Mnl1p Is an ER Protein-- MNL1 (YHR204W) on yeast chromosome VIII encodes an alpha -mannosidase-like protein, which is 796 amino acids long, with a calculated molecular weight of 92,206. The predicted amino acid sequence of Mnl1p shows 25% identity with Mns1p, yeast alpha 1,2-mannosidase that converts glycosyl residues from Man9GlcNAc2 to Man8GlcNAc2 in the ER (Fig. 1A). Mns1p is a type II ER transmembrane glycoprotein with its N-terminal hydrophobic segment functioning as a signal-anchor sequence.

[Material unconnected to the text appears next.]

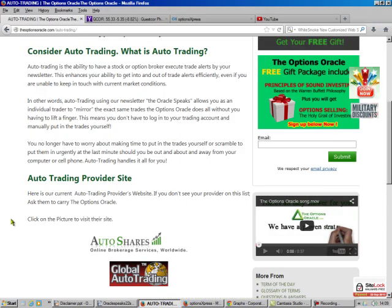Now, if you don't want to learn how to do this, or you don't have time, you can go to Auto Trading. If you go to my website and go to Auto Trading Explained, it'll take you to this page.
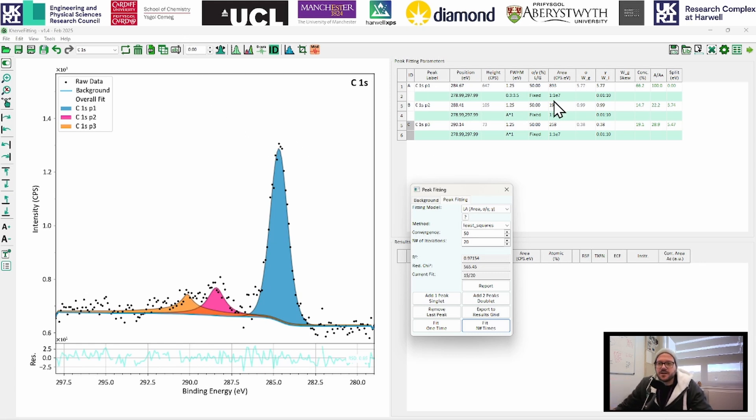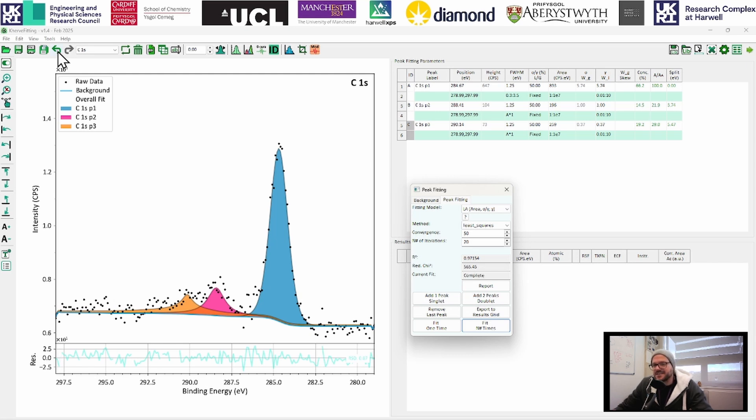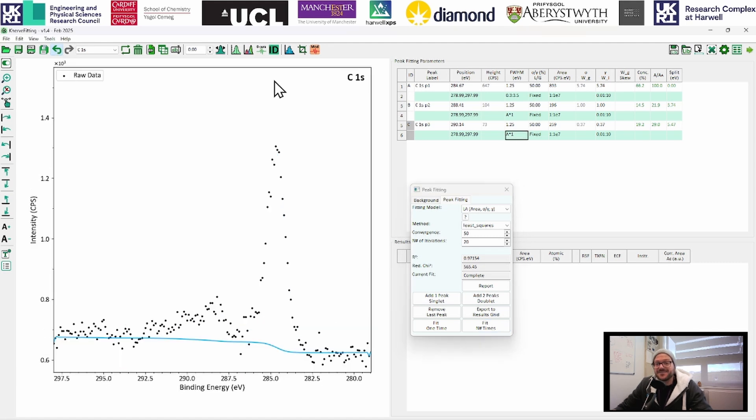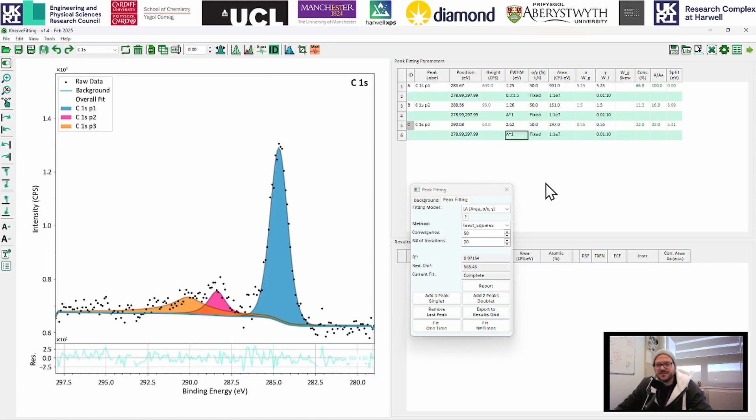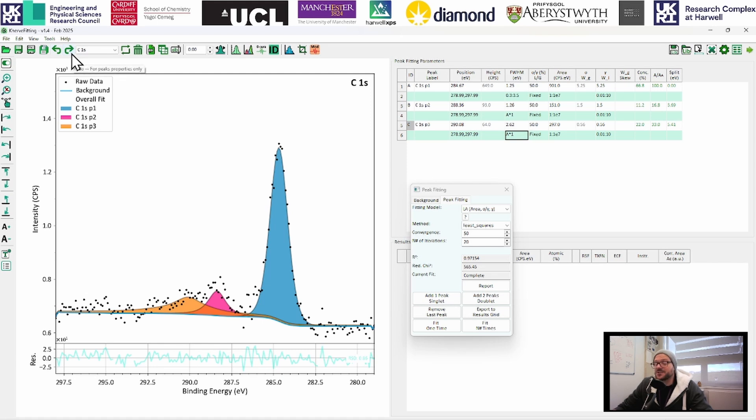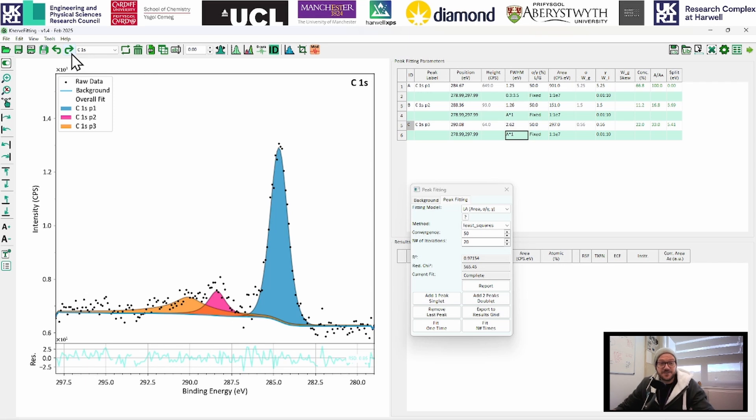One thing to note, as we've added these, there is a function up here, a magical mystery function that CASA has been missing for many, many years, there is an undo. So if you do do something, and you want to undo it, there is an undo, there's a redo function, probably the biggest quality of life update in XPS fitting since the invention of the computer.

The question of whether the segment of hydrophobic residues 1-21 (Fig. 1A) functions as a signal-anchor sequence to make Mnl1p a type-II membrane protein should await future studies. The amino acid residues involved in the substrate binding, Ca2+ binding, and catalytic activity in Mns1p (22) are conserved in Mnl1p except for the two cysteine residues (Cys340 and Cys385 in Mns1p) that form a disulfide bridge and are essential for the alpha -mannosidase activity (13, 22). The lack of the essential cysteine residues in Mnl1p suggests that Mnl1p is unlikely to have the alpha -mannosidase activity. The C-terminal part of Mnl1p shows no homology with any proteins deposited in the data base.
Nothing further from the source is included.